Traduction d’Isabelle Reinharez
Louise Erdrich a grandi dans le Dakota du Nord où se passe ce roman. Elle est née d’un père germano-américain et d’une mère ojibwa qui travaillaient au bureau des affaires indiennes et l’ont toujours encouragée à écrire des histoires. Elle appartient au mouvement de la renaissance amérindienne et a reçu plusieurs prix au cours de sa carrière. Ce livre date de 1986. Il a été publié en 1988 sous le titre « La branche cassée » et est réédité cette année dans une nouvelle traduction.
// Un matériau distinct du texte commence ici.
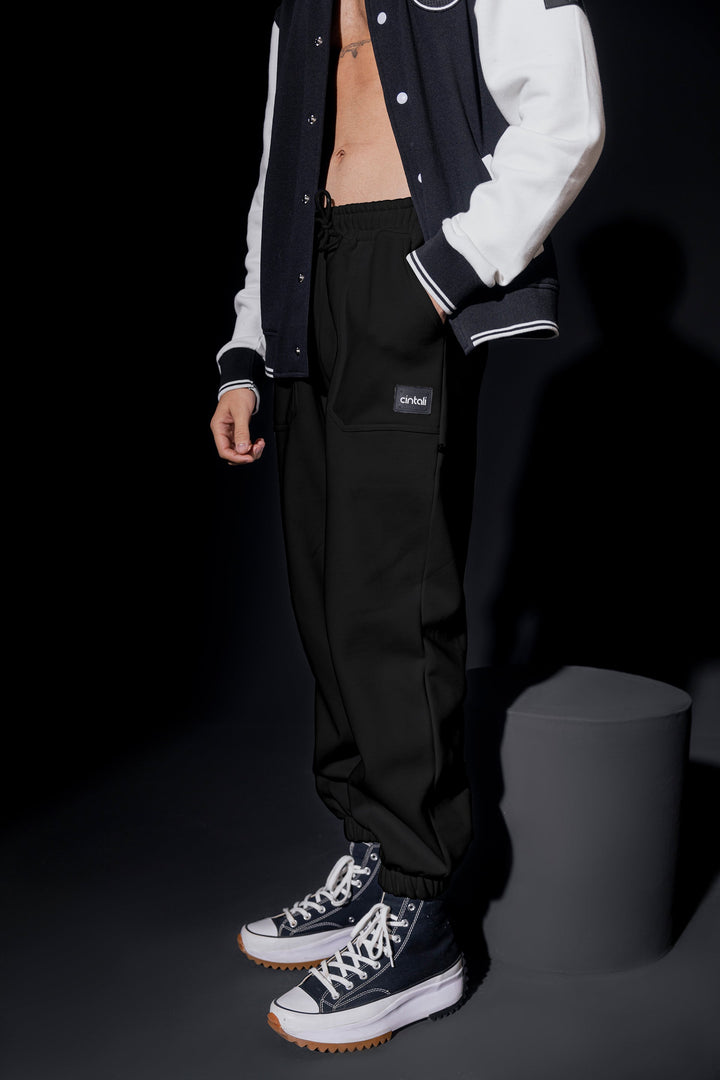Men Relax Trouser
« La dernière chose que Mary et Karl entrevoient de leur mère, c’est la flamme de ses cheveux roux émergeant du biplan qui l’emporte pour toujours aux côtés d’un pilote acrobate… Devenus orphelins, les enfants montent dans un train de marchandises afin de trouver refuge chez leur tante, dans le Dakota du Nord.
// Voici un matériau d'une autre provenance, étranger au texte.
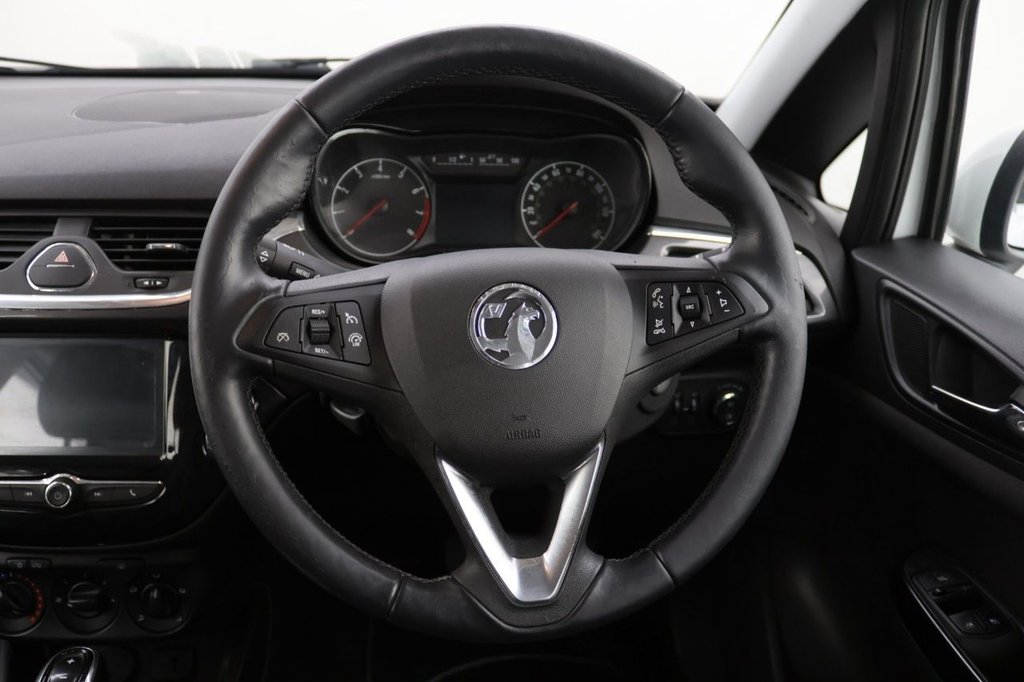 Used Vauxhall Corsa 2019 for sale - 77703495: Photo 17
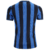 Camisa Atalanta Home 24/25 - Torcedor - Masculino - Azul e Preto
Ainsi commence, en 1932, une chronique familiale qui s’étend sur plus de quarante ans, et fait vivre toute une galerie de personnages hors du commun en proie aux paradoxes de l’amour. »
L’écriture de Louise Erdrich est puissante, on sait dès le début qu’on ne va pas s’apitoyer sur le sort de ces orphelins. On va les voir affronter la vie chacun à leur manière, seuls et définitivement abîmés par cet abandon. Sur le champ de foire d’où s’est envolée leur mère, abasourdis, les deux aînés laissent un inconnu leur arracher des bras leur jeune frère, nourrisson. Et dès la première scène du livre, on sait qu’ils vont suivre des chemins différents : ils se séparent, sans que l’on comprenne bien pourquoi, comme pour en finir avec ce lien désormais insupportable. Karl fuit, il passera sa vie en errance et Mary reste, se construisant une carapace, se mettant à l’abri chez sa tante où elle n’hésitera pas à s’imposer et s’accaparer ce qui revient à sa cousine Sita : l’amour de ses parents, sa meilleure amie Célestine…
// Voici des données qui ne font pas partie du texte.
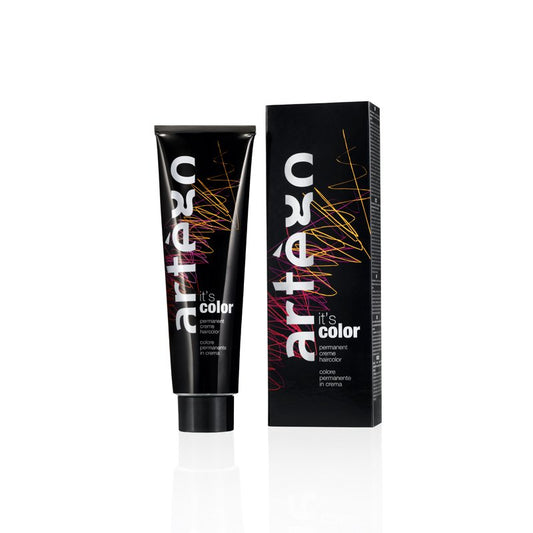 Artego It’s Color Permanent Color 150ml - 9.00 / 9NN Very Light Cold Blonde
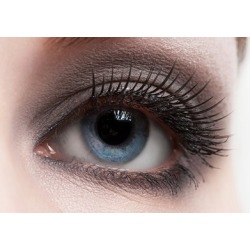 One Keratin Organic Lash Bio Curling Lift with Optional Tinting at European Laser Spa (Up to 66% Off)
Les personnages de Louise Erdrich sont forts, atypiques et hauts en couleur. Ils ne sont pas animés par l’amour romantique mais par des passions violentes, âpres, parfois destructrices. Le pardon n’est pas forcément à l’ordre du jour dans cette terre froide du Dakota et malgré la fréquentation de l’école catholique de la ville, on ne tend pas forcément l’autre joue… Les êtres blessés sont, tout comme les animaux, capables de cruauté.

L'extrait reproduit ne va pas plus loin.